> Task material
==*==

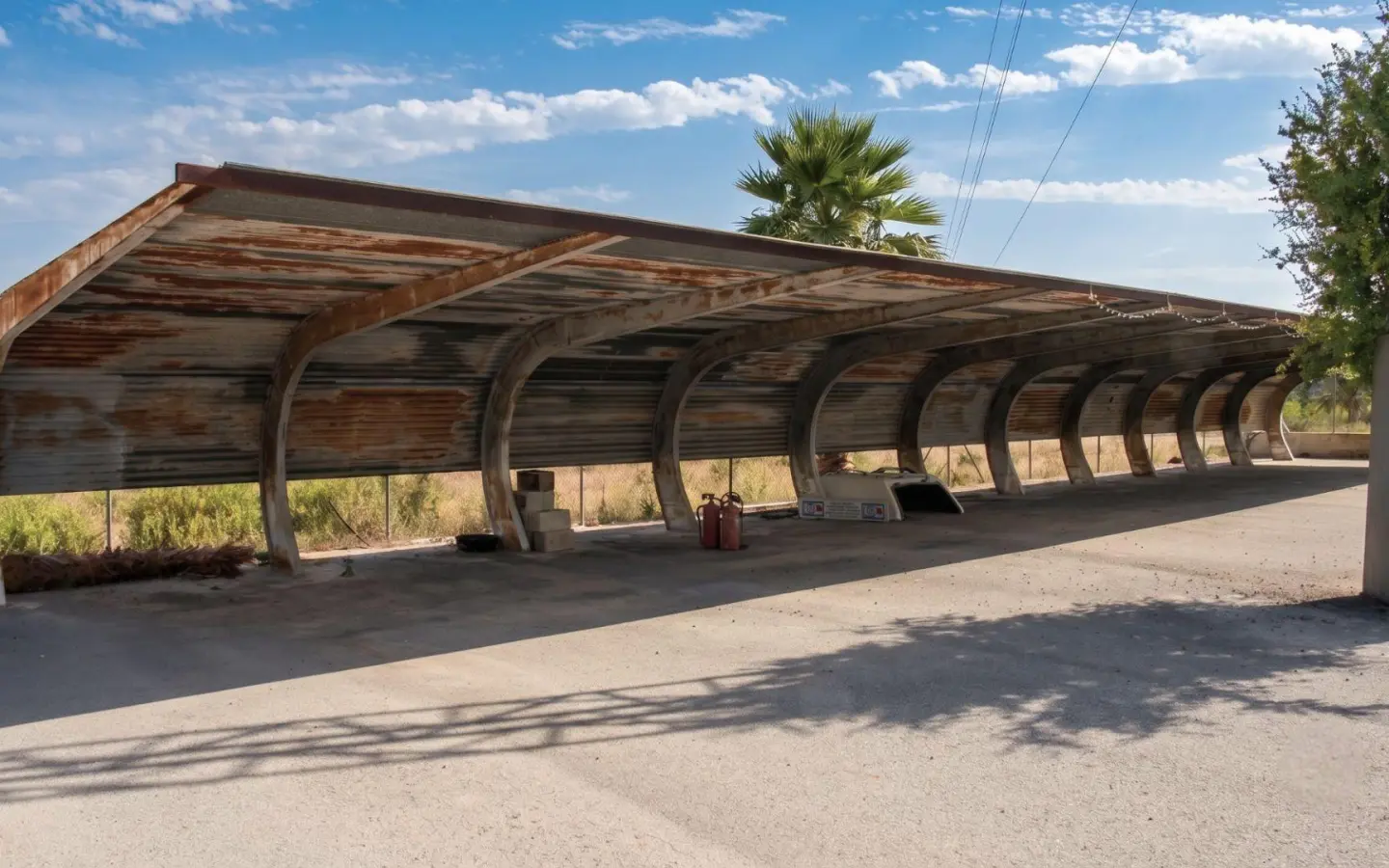 Industrial Unit Of 377 M² In Elche Pedanias, Spain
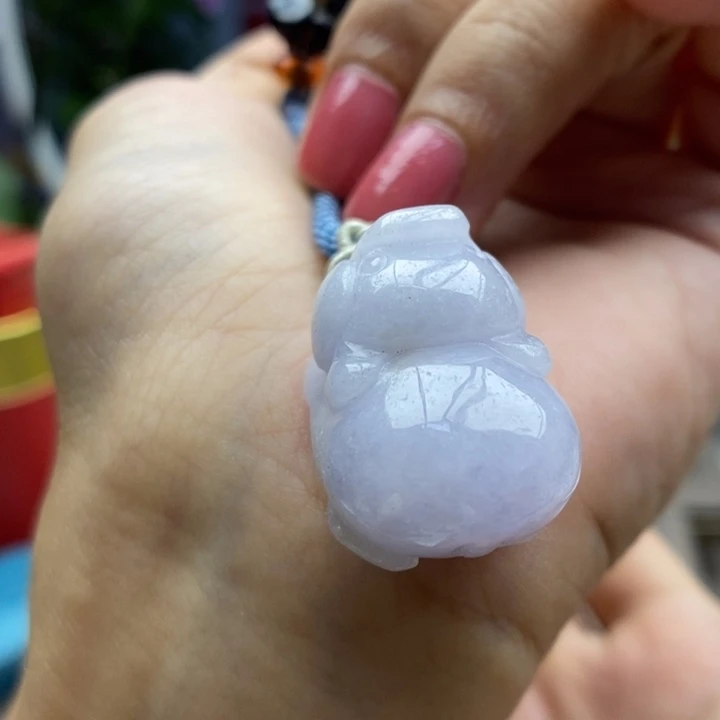 翡翠未镶嵌颈饰吊坠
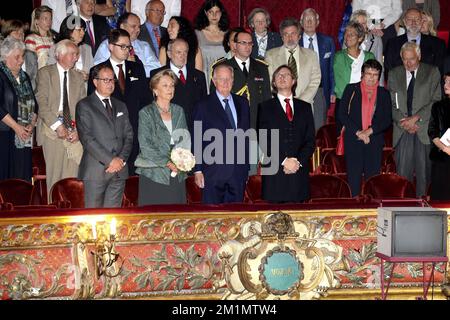 20120612 - BRUXELLES, BELGIO: (Centro L-R) la regina Paola del Belgio, re Alberto II del Belgio e il direttore generale De Munt-la Monnaie Peter de Caluwe hanno illustrato all'inizio di una rappresentazione dell'opera di Giuseppe Verdi il Trovatore, al Koninklijke Muntschouwburg - Teatro Royale de la Monnaie di Bruxelles, martedì 12 giugno 2012. Questa produzione è diretta da Dmitri Tcherniakov, con l'orchestra sinfonica e il coro di De Munt-la Monnaie, con il direttore Marc Minkowski. FOTO DI BELGA NICOLAS MAETERLINCK Foto Stock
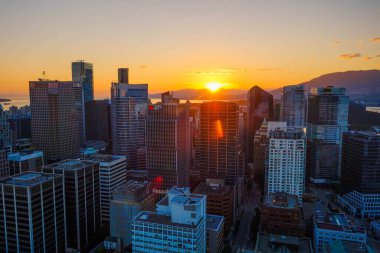 Vancouver altın saatinde gözcülük yapıyor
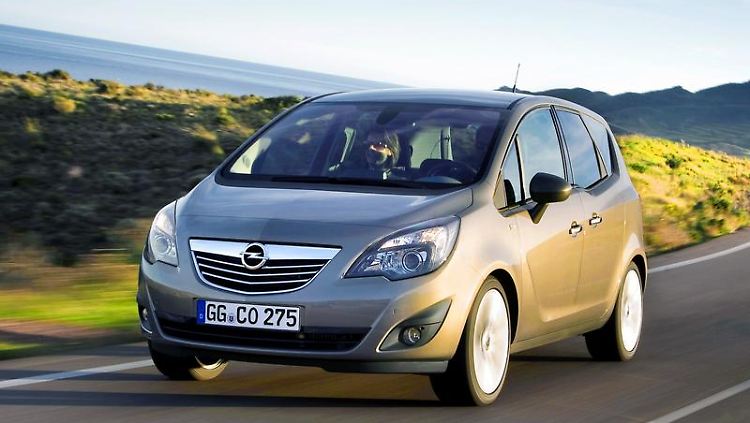 Auf dem Weg in die Familien-Garage: Der neue Opel Meriva ist im Vergleich zum Vorgänger deutlich gewachsen.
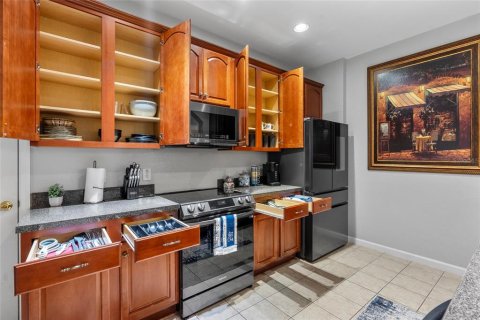 Villa ou maison à vendre à Kissimmee, Floride: 6 chambres, 216.74 m2 № 1851820 - photo 18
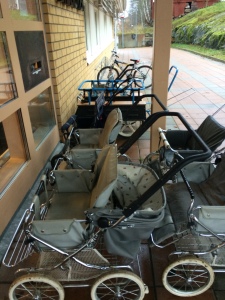 Barnvagnar utanför en förskola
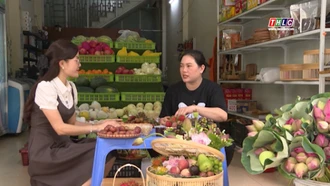 Không khí chuẩn bị lễ cúng dịp Tết Đoan Ngọ ở thành phố Lào Cai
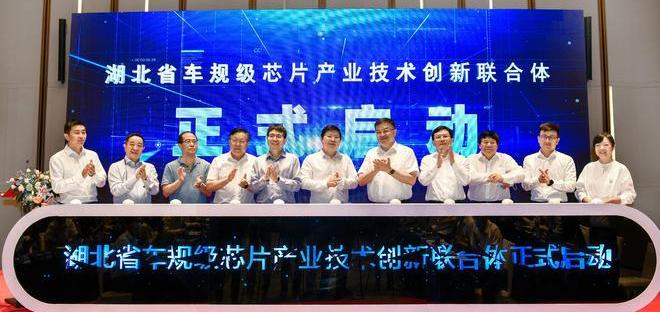 Dongfeng, Han and Hechuang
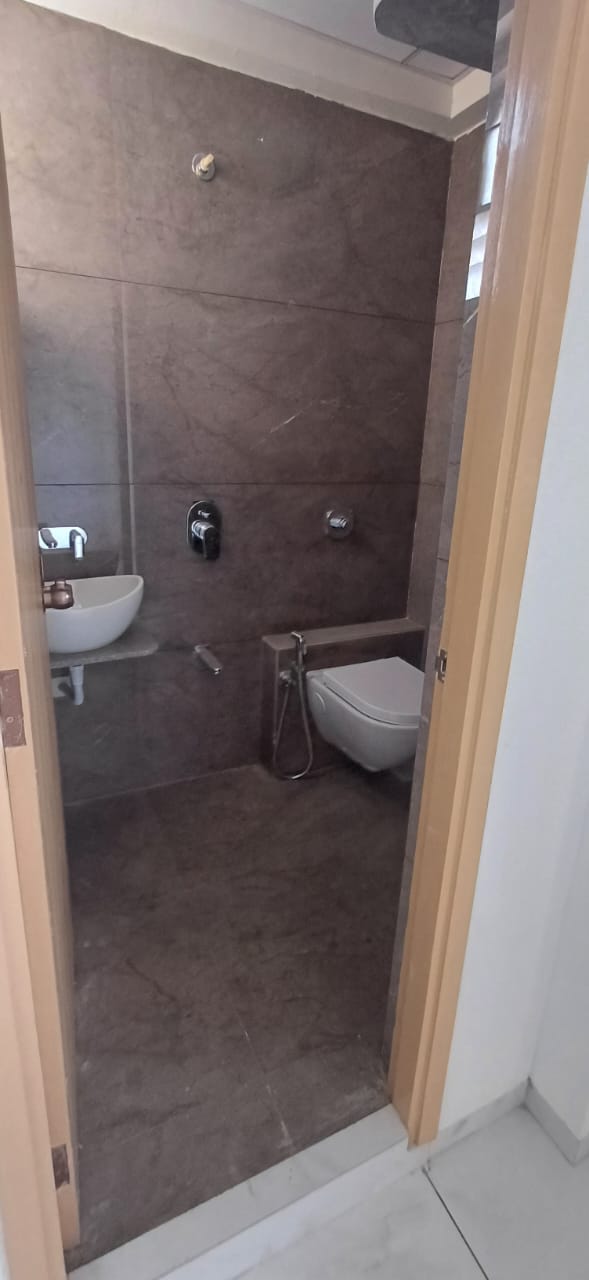 2 BHK 1170 Sq. Ft. Residential Flat / Appartment for Rent in Vaishnodevi Ahmedabad - Media 3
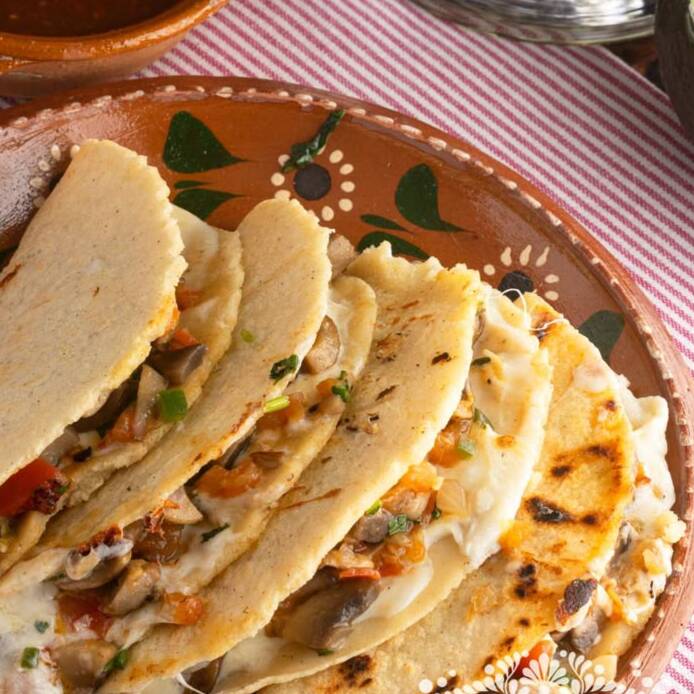 QUESADILLA COMAL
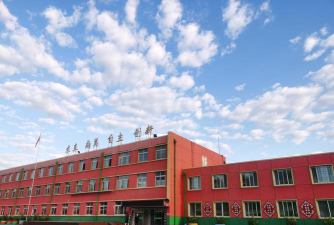 包头市青山区昌福小学环境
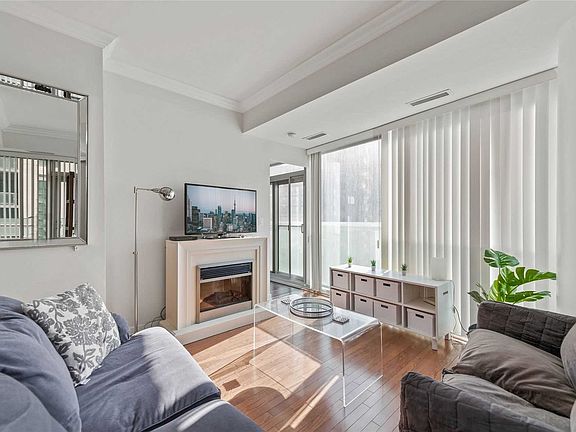 4th image of 12 York St #804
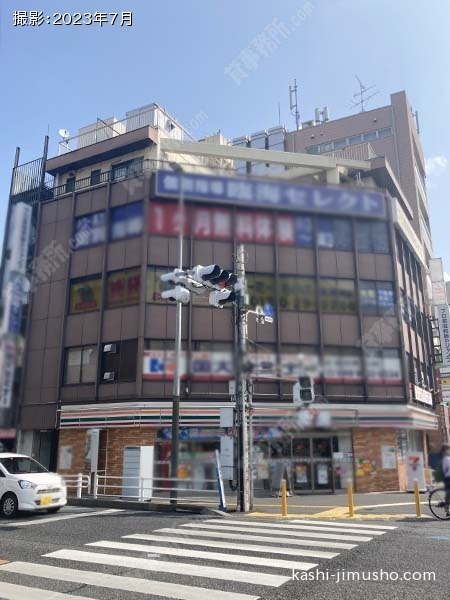 三飯ビルの外観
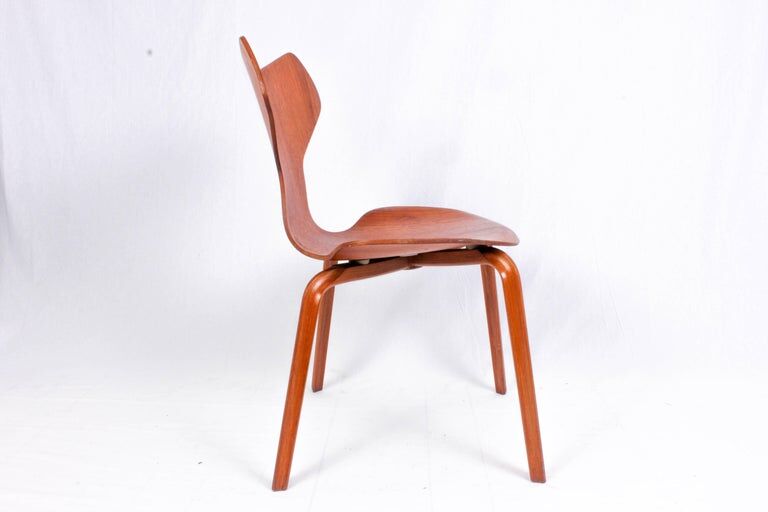 Arne Jacobsen chair model 3130 by Fritz Hansen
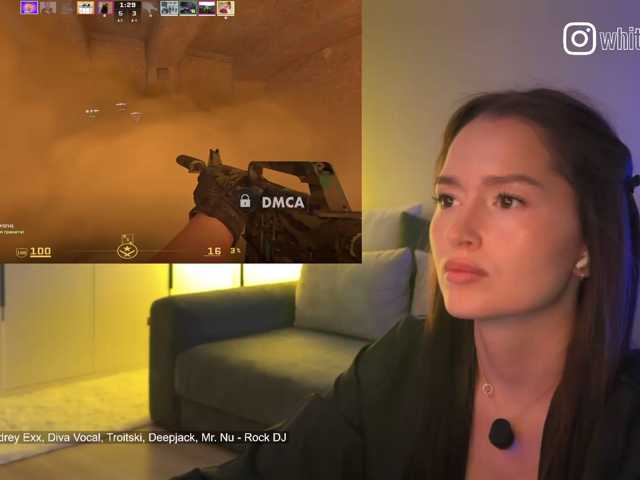 whiteTEA live cam preview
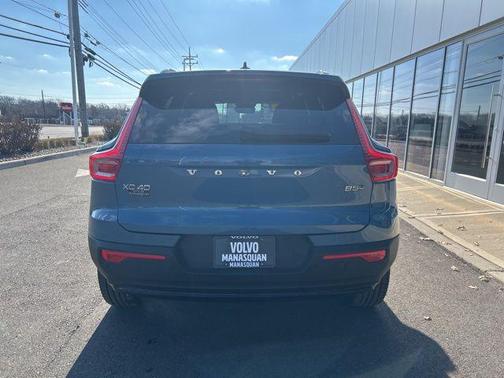 2025 Volvo XC40 B5 Plus Dark Theme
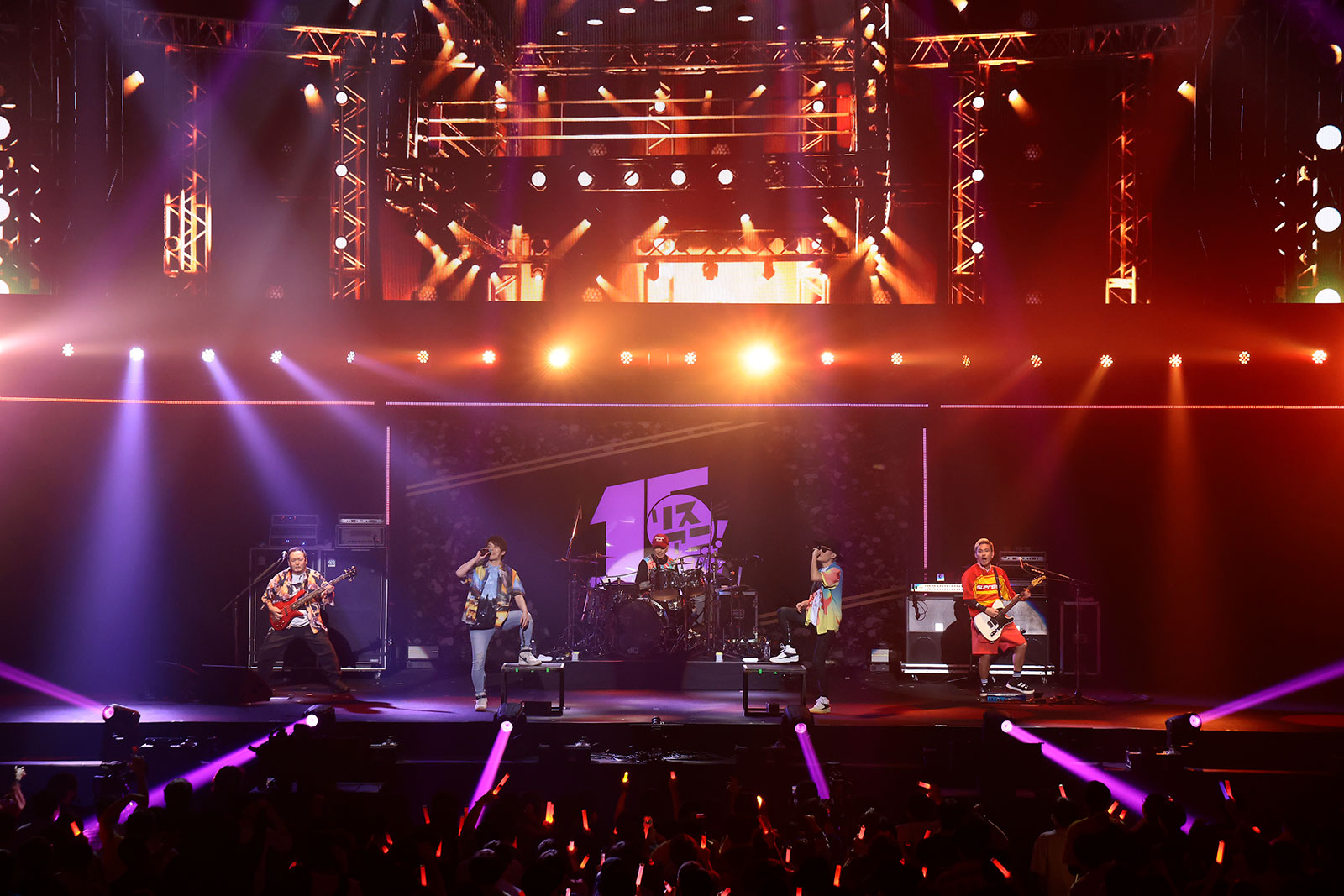 アイドルマスター シャイニーカラーズ【ストレイライト】、ASCA、オーイシマサヨシ、結束バンド、KOTOKO、TrySail、halca、FLOWの熱演で終幕！“リスアニ！LIVE 2025”最終日となるSUNDAY STAGE 速報レポート！ - 画像一覧（4/53）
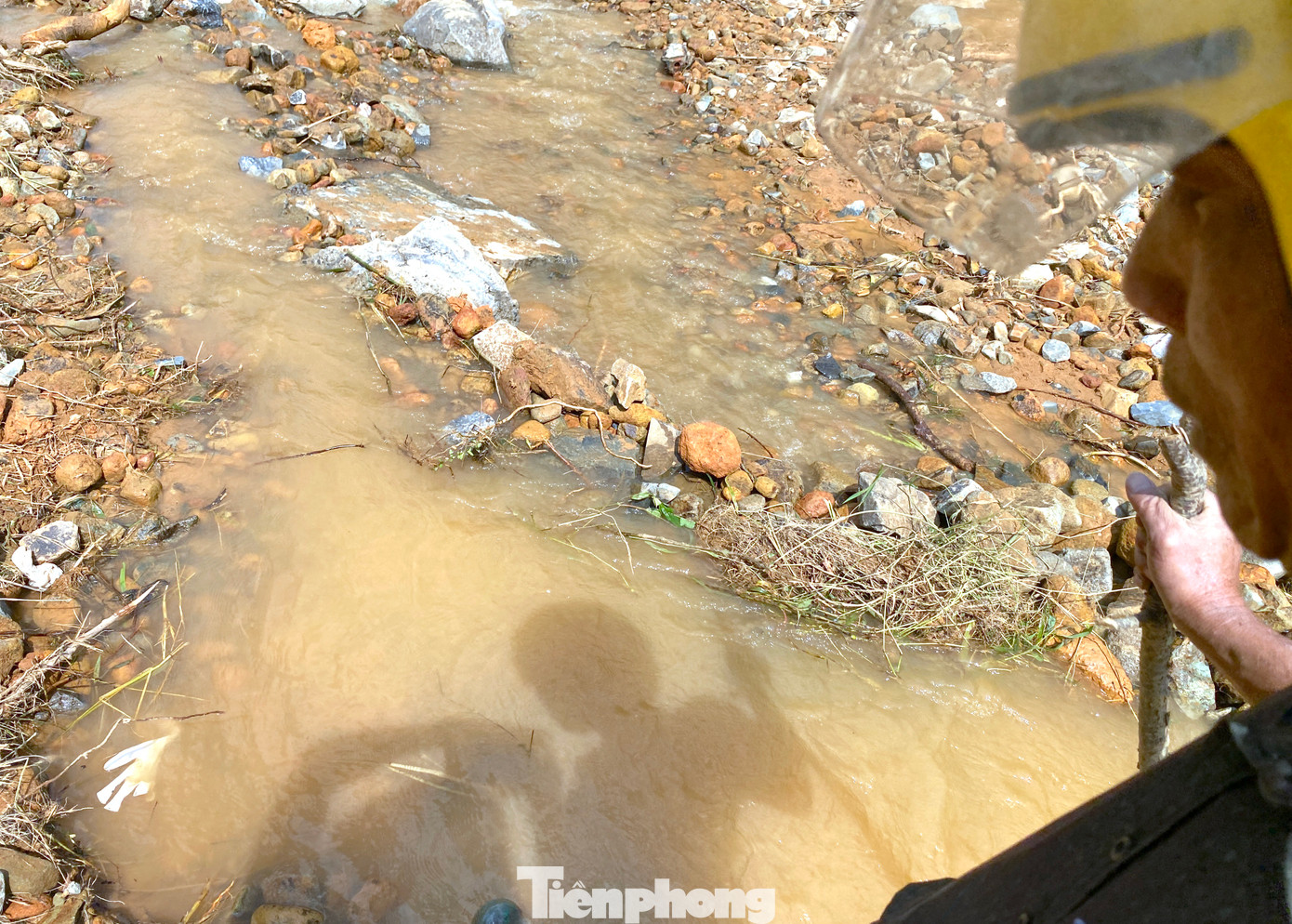 Vừa đi dọc suối, ông Tứ vừa đảo mắt nhìn kỹ phía dưới lòng con suối. Những nơi có dấu hiệu nghi ngờ đất bồi lắng dày khác thường, ông Tứ dùng gậy chọc rồi tay cào bới lớp đất đá lên để tìm kiếm. Vừa đi dọc suối, ông Tứ vừa đảo mắt nhìn kỹ phía dưới lòng con suối. Những nơi có dấu hiệu nghi ngờ đất bồi lắng dày khác thường, ông Tứ dùng gậy chọc rồi tay cào bới lớp đất đá lên để tìm kiếm.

==*==

Only the lines from the start of the records through the line containing "速報レポート！ - 画像一覧（4/53）" should be repeated, word for word, with the pictures left out.

> Finished task
 Industrial Unit Of 377 M² In Elche Pedanias, Spain
 翡翠未镶嵌颈饰吊坠
 20120612 - BRUXELLES, BELGIO: (Centro L-R) la regina Paola del Belgio, re Alberto II del Belgio e il direttore generale De Munt-la Monnaie Peter de Caluwe hanno illustrato all'inizio di una rappresentazione dell'opera di Giuseppe Verdi il Trovatore, al Koninklijke Muntschouwburg - Teatro Royale de la Monnaie di Bruxelles, martedì 12 giugno 2012. Questa produzione è diretta da Dmitri Tcherniakov, con l'orchestra sinfonica e il coro di De Munt-la Monnaie, con il direttore Marc Minkowski. FOTO DI BELGA NICOLAS MAETERLINCK Foto Stock
 Vancouver altın saatinde gözcülük yapıyor
 Auf dem Weg in die Familien-Garage: Der neue Opel Meriva ist im Vergleich zum Vorgänger deutlich gewachsen.
 Villa ou maison à vendre à Kissimmee, Floride: 6 chambres, 216.74 m2 № 1851820 - photo 18
 Barnvagnar utanför en förskola
 Không khí chuẩn bị lễ cúng dịp Tết Đoan Ngọ ở thành phố Lào Cai
 Dongfeng, Han and Hechuang
 2 BHK 1170 Sq. Ft. Residential Flat / Appartment for Rent in Vaishnodevi Ahmedabad - Media 3
 QUESADILLA COMAL
 包头市青山区昌福小学环境
 4th image of 12 York St #804
 三飯ビルの外観
 Arne Jacobsen chair model 3130 by Fritz Hansen
 whiteTEA live cam preview
 2025 Volvo XC40 B5 Plus Dark Theme
 アイドルマスター シャイニーカラーズ【ストレイライト】、ASCA、オーイシマサヨシ、結束バンド、KOTOKO、TrySail、halca、FLOWの熱演で終幕！“リスアニ！LIVE 2025”最終日となるSUNDAY STAGE 速報レポート！ - 画像一覧（4/53）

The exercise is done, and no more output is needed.